Improvements in life expectancies and declining fertility have resulted in the ageing of New Zealand's population structure. As a result, kin members may increasingly have to offer help or care to elders, while at the same time providing assistance to their own offspring who are beginning their transition from adolescence to adulthood. Concern has been expressed that the responsibility for providing such multi-generational support will fall heavily on people in mid-life. As a consequence, they may compromise their own needs for pre-retirement provisions, or their physical and emotional well-being in later life (Boland et al. 1997, Bengtson et al. 1995, Brett 1997, Koopman-Boyden et al. 2000, Statistics New Zealand 1998b, Koopman-Boyden 1978). For policy makers it is important to establish whether the mid-life period is likely to be characterised by intensified calls for multi-generational support that the mid-life individual may not be able to deal with in isolation from a broader social system of public or private support.

The reasons why the mid-life period has become a focus for multi-generational transactions are complex. Delays in the onset of family formation (Pool et al. 1998) mean that, increasingly, parents are likely to have direct responsibility for dependent children throughout the midlife period, a phase of the family life course normally associated with the transition of young adults to independence and the preparation of pre-retirement for their parents (Sceats 1988, Murphy and Grundy 1995). Improvements to life expectancy also increase the likelihood that a mid-life parent will be part of a three-generational kinship structure, with perhaps several co-surviving ageing parents or in-laws also needing their support.

Other economic changes that have influenced policy orientations with regard to family needs may have intensified the pressures placed on mid-life individuals to respond to the needs of younger and older generations (Sceats 1992). Difficulties experienced by young adults in finding employment (2) (Statistics New Zealand 2001), or increasing costs of tertiary education training (Education (Student Allowances) Notice, New Zealand Regulations 1997/5) have fueled concerns that parents themselves will have to alleviate risks of youth marginalisation, by providing financial assistance or other types of support.

Furthermore, the policy drive to encourage self-sufficiency as a way of reducing reliance on collective and state-managed resources (Upton 1991, Department of Social Welfare 1996, Cox 1998) has involved a move towards situating the care and support for dependants--particularly the elderly--away from the institutional environment towards the informal communities of family, friends and volunteers (Opie 1992). This shift has been of particular concern in New Zealand because of the implicit expectation that women with ageing dependants will assume the brunt of their care requirements at a time when they themselves are likely to be engaged in multiple roles of parent, spouse and paid employee (McPherson 1993, Age Concern New Zealand 1992, Ministry of Women's Affairs 1993).

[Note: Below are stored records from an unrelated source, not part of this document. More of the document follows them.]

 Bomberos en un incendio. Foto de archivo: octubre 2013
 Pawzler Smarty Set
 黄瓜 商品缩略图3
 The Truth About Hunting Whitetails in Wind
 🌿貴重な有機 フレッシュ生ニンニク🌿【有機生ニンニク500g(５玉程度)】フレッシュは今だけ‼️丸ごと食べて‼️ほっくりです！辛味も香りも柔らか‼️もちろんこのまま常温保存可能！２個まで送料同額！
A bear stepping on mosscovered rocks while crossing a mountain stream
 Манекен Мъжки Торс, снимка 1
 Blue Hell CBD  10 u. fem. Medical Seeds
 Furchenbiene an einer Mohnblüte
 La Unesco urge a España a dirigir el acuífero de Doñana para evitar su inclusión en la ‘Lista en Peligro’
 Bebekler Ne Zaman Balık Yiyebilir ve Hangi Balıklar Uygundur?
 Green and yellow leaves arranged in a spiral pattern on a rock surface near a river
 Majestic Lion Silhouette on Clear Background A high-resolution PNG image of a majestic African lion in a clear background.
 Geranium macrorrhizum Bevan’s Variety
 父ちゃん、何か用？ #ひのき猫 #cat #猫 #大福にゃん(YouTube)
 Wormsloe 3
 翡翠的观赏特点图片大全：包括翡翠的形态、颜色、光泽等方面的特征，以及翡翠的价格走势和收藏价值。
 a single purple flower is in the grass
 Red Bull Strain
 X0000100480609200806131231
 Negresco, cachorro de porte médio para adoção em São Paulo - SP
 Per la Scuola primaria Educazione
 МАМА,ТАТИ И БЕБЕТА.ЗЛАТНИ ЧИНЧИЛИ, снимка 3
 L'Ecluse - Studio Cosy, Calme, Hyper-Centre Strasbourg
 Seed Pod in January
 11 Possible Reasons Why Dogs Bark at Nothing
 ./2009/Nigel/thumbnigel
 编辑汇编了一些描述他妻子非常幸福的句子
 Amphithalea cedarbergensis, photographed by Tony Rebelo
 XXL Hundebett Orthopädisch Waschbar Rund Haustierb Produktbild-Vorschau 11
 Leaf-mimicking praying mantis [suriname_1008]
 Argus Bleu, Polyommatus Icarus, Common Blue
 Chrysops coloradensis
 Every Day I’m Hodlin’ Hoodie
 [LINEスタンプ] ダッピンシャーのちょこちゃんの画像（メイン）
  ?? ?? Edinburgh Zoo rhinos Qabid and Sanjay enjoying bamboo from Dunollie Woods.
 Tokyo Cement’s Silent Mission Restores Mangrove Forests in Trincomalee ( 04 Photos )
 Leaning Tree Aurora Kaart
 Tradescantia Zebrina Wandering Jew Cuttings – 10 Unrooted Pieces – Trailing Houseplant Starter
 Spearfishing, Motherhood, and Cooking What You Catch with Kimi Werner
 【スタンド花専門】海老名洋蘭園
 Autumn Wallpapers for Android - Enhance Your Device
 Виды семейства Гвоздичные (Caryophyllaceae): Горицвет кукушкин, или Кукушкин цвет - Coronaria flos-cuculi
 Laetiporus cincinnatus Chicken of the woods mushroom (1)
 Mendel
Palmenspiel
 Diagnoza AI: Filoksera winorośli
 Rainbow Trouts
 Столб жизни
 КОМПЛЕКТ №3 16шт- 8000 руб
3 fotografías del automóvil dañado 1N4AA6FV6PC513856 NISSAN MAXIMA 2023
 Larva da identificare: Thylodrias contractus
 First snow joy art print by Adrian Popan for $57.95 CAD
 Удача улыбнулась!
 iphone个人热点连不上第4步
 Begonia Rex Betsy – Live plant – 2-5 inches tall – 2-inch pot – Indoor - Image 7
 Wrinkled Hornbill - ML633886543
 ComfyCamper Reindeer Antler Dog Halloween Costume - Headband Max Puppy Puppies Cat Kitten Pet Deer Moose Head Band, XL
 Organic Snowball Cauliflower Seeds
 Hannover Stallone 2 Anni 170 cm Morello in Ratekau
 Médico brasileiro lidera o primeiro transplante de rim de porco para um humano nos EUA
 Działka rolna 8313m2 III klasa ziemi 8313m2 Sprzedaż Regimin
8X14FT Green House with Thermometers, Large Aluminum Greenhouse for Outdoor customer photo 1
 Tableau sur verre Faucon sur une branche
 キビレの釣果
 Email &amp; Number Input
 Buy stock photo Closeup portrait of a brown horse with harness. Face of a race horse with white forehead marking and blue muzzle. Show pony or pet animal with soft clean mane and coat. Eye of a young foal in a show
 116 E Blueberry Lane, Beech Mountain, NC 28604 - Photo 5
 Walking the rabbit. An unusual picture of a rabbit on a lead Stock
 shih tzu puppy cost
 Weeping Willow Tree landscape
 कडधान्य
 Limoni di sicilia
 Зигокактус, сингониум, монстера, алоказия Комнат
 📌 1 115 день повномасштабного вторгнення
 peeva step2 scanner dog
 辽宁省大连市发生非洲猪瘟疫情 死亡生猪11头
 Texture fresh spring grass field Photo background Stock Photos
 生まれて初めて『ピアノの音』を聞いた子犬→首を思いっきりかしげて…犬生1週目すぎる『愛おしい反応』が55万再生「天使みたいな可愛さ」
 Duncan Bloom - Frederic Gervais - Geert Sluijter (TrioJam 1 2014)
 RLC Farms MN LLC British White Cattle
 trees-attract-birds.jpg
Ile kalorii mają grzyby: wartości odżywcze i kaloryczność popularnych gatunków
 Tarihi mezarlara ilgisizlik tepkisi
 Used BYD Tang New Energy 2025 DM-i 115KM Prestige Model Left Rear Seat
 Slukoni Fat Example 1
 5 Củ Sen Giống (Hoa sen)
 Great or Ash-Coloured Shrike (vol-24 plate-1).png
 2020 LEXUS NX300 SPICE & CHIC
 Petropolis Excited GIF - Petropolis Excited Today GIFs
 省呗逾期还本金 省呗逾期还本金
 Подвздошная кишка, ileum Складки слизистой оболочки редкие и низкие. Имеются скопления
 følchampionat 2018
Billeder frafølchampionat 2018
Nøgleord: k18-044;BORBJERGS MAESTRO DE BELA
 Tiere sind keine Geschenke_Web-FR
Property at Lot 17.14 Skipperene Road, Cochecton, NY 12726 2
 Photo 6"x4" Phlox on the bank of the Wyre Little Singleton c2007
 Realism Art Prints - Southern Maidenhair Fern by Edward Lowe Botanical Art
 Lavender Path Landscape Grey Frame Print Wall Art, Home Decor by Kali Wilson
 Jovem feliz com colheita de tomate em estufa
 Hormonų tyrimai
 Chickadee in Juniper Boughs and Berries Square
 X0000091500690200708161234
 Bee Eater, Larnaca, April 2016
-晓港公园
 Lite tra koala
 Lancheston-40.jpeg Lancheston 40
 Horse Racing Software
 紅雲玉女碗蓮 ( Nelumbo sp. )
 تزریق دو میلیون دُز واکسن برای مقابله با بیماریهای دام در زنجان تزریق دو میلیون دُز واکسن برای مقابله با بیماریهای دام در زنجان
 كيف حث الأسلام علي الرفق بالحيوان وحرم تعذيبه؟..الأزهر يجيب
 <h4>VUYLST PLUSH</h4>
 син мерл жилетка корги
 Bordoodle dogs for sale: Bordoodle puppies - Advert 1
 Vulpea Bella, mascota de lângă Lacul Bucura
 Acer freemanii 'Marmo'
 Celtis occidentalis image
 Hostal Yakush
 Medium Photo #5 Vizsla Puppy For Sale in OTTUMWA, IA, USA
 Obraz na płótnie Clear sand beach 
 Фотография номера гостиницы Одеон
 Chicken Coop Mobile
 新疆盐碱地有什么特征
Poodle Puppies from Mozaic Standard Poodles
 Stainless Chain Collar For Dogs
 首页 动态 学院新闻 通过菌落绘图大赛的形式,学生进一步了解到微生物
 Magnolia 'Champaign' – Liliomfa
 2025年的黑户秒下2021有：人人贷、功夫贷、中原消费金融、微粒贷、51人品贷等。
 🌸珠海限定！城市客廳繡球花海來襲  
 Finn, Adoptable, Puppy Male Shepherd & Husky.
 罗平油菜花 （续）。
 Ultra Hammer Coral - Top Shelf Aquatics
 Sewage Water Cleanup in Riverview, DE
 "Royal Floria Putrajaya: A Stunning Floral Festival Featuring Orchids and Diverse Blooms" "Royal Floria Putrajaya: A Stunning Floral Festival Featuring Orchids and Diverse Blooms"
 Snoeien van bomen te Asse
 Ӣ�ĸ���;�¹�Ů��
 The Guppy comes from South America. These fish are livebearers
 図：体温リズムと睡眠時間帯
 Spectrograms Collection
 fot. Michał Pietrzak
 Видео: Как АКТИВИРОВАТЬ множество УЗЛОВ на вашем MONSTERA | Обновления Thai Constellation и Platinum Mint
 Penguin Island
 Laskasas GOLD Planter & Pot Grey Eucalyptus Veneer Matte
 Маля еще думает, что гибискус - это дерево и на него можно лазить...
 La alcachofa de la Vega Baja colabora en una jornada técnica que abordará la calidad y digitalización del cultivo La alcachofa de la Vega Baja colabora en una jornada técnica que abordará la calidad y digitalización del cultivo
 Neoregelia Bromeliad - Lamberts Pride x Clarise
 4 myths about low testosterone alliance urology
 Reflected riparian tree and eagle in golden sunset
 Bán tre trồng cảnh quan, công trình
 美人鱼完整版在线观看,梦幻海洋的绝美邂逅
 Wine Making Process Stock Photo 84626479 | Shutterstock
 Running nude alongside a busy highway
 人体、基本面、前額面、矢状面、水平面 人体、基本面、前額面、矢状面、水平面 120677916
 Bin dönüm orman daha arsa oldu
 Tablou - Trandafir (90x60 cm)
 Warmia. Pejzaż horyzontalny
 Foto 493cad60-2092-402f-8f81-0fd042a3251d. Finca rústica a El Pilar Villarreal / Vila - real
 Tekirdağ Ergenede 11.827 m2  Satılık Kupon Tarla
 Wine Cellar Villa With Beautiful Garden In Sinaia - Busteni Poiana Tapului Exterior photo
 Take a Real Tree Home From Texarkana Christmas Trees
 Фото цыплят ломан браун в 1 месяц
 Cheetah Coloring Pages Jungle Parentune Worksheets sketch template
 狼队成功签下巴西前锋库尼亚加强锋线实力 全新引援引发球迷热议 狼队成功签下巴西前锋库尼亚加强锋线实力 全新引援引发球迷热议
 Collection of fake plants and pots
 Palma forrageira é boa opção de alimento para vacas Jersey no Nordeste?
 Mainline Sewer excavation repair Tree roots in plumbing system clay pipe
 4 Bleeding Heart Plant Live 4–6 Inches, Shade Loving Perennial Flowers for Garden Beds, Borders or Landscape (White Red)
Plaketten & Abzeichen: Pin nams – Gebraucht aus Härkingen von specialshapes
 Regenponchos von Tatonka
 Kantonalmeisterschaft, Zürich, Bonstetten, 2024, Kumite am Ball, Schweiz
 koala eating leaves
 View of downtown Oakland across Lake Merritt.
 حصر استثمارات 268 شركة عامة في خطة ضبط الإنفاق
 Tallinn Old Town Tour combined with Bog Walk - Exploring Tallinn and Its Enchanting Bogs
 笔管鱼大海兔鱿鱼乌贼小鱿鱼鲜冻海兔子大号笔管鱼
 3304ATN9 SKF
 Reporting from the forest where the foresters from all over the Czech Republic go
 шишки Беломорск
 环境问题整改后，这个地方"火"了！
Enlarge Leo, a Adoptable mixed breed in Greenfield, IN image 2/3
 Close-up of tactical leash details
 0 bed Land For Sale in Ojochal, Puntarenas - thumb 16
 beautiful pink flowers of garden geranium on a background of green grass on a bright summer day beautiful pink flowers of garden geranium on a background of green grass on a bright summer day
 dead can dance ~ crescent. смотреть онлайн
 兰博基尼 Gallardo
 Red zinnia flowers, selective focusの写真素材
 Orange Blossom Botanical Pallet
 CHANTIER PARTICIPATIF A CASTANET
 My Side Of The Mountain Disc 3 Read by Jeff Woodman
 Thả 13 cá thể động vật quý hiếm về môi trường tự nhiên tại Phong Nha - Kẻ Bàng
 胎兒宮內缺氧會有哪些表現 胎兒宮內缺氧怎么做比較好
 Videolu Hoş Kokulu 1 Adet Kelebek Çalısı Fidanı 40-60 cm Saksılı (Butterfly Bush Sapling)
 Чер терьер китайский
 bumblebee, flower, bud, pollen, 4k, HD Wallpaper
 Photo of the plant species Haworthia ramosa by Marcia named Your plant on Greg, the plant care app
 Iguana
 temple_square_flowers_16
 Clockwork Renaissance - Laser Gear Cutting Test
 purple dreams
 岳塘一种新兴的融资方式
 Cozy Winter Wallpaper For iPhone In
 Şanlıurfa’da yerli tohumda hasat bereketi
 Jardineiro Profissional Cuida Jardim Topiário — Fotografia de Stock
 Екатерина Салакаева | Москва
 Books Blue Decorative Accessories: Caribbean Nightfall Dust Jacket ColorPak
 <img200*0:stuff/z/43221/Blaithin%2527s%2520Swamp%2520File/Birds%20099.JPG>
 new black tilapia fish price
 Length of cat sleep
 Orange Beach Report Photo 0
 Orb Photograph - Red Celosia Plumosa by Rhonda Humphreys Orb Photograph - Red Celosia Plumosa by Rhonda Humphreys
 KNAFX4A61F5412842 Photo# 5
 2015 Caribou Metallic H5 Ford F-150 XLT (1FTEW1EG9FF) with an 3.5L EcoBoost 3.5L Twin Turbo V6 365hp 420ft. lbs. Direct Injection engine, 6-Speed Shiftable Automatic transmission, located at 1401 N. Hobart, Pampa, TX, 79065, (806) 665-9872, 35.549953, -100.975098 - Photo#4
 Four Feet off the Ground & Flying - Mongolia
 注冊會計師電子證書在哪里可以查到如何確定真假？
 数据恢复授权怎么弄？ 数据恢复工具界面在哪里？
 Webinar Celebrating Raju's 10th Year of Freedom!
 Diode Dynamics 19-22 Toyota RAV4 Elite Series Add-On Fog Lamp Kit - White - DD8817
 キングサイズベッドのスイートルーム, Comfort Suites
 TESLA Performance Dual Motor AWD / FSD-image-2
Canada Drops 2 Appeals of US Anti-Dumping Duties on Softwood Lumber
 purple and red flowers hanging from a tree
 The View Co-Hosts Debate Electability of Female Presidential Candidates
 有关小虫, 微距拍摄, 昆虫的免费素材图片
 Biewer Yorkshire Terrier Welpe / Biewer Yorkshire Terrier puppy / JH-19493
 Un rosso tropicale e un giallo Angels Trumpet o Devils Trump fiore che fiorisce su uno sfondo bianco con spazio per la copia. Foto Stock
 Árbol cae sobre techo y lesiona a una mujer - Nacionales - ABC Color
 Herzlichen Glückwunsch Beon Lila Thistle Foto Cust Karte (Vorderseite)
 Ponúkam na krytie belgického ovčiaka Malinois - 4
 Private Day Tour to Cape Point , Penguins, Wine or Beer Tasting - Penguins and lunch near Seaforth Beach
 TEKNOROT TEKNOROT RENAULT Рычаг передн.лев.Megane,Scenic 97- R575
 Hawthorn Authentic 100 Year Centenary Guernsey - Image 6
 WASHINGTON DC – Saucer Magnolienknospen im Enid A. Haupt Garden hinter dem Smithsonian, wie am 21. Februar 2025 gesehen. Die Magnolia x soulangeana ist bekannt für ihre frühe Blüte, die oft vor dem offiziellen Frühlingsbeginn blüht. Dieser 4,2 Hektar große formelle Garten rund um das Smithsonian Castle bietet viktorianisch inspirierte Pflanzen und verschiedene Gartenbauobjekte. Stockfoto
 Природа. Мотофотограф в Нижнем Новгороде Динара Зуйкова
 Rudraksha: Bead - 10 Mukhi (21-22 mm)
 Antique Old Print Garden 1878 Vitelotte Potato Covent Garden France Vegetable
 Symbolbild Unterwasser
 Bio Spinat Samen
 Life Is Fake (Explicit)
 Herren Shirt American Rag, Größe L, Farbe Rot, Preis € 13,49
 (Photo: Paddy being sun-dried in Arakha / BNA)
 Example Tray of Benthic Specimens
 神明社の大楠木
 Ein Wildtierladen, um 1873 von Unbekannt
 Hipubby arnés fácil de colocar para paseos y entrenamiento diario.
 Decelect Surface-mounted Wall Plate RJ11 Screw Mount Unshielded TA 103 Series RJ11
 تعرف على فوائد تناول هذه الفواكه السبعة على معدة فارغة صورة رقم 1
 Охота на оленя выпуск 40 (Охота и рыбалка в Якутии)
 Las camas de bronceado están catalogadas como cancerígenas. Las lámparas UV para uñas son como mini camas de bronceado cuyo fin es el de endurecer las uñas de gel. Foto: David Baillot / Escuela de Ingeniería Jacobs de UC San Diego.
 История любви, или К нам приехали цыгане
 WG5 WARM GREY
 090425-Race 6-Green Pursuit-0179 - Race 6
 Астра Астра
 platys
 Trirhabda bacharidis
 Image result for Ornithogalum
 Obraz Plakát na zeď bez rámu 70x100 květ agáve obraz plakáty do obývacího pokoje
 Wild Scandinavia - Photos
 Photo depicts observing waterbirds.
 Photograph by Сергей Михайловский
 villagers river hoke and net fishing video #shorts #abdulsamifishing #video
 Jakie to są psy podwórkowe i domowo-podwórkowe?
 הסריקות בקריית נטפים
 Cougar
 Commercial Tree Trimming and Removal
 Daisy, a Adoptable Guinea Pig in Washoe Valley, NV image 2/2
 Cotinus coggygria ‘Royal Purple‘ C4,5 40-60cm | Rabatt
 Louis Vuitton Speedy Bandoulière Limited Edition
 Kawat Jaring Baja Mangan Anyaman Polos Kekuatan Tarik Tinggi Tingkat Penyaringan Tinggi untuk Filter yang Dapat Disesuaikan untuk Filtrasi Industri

One core of literature clearly supports concerns that, at mid-life, individuals will find themselves at the centre of competing demands for multi-generational support, due to the increased likelihood of survival into old age of their own parents (Miller 1981), and of protracted periods of young adults' reliance on parental resources (White 1994, White and Rogers 1997, White and Lacy 1997). As a consequence, they are likely to encounter stress (Lang and Brody 1983), role overload (Schlesinger and Raphael 1993) or financial hardship (Pool 1992). Countering these concerns are suggestions that there is no conclusive empirical evidence to support concerns that those at the centre of multiple, co-surviving generations w411 be caught between competing demands, or that multigenerational transactions are necessarily a source of stress and conflict (Hagestad 2000, Davey 1998, Loomis and Booth 1995).

AIM OF THIS PAPER

The aim of this paper is to see whether there is empirical evidence indicating that mid-life New Zealanders who belong to a kinship structure of at least three co-surviving generations are in fact confronted by competing demands for support from older and younger groups. If this were the case, we would expect that their ability to provide help to their adult children might be compromised by the support needs of their ageing parents. The article presents:

* descriptive findings documenting the types of assistance a mid-life individual provides at least once a year to a younger member of their kin network (one of their own children, the child generation) and to an older member (a surviving parent, the ageing parent generation);

* a summary of results of multivariate logistic regression analysis, which show whether there is evidence suggesting that the help mid-lifers provide to a child is compromised by the support needs of their own ageing parent;

* descriptive findings on the possible constraints to saving for retirement encountered by mid-life respondents who are part of a three-generation kinship structure; and

* discussion of results and policy implications.

DATA AND METHODOLOGY

Data are derived from a sample survey completed in 1997 as part of the "Transactions in the Mid-Life Family Project" (Koopman-Boyden et al. 2000). The sample of 750 males and females aged between 40 and 54 was selected on a nationwide basis and identified by area stratification according to population size (Dharmalingam 2000). The final success rate for contacts throughout New Zealand was 54%, of which 86% participated in the telephone interview. (3) Analysis presented in this paper is for a sub-population of 310 respondents who have at least one surviving parent or parent-in-law and one child aged over 15, none of whom live together (data are weighted). Multivariate logistic regression analysis was completed to show how the probability of a child receiving, as opposed to not receiving, emotional, direct financial or service-type assistance from their mid-life parent varies depending on the influence of a set of explanatory variables for the ageing parent, controlling for child and mid-life respondent characteristics (see Appendix 1 and Appendix 2).

FINDINGS

Our findings clearly indicate that mid-life individuals who have at least one child and parent or parent-in-law, do engage in providing some type of support at least once a year to both generations, but it is channelled more towards...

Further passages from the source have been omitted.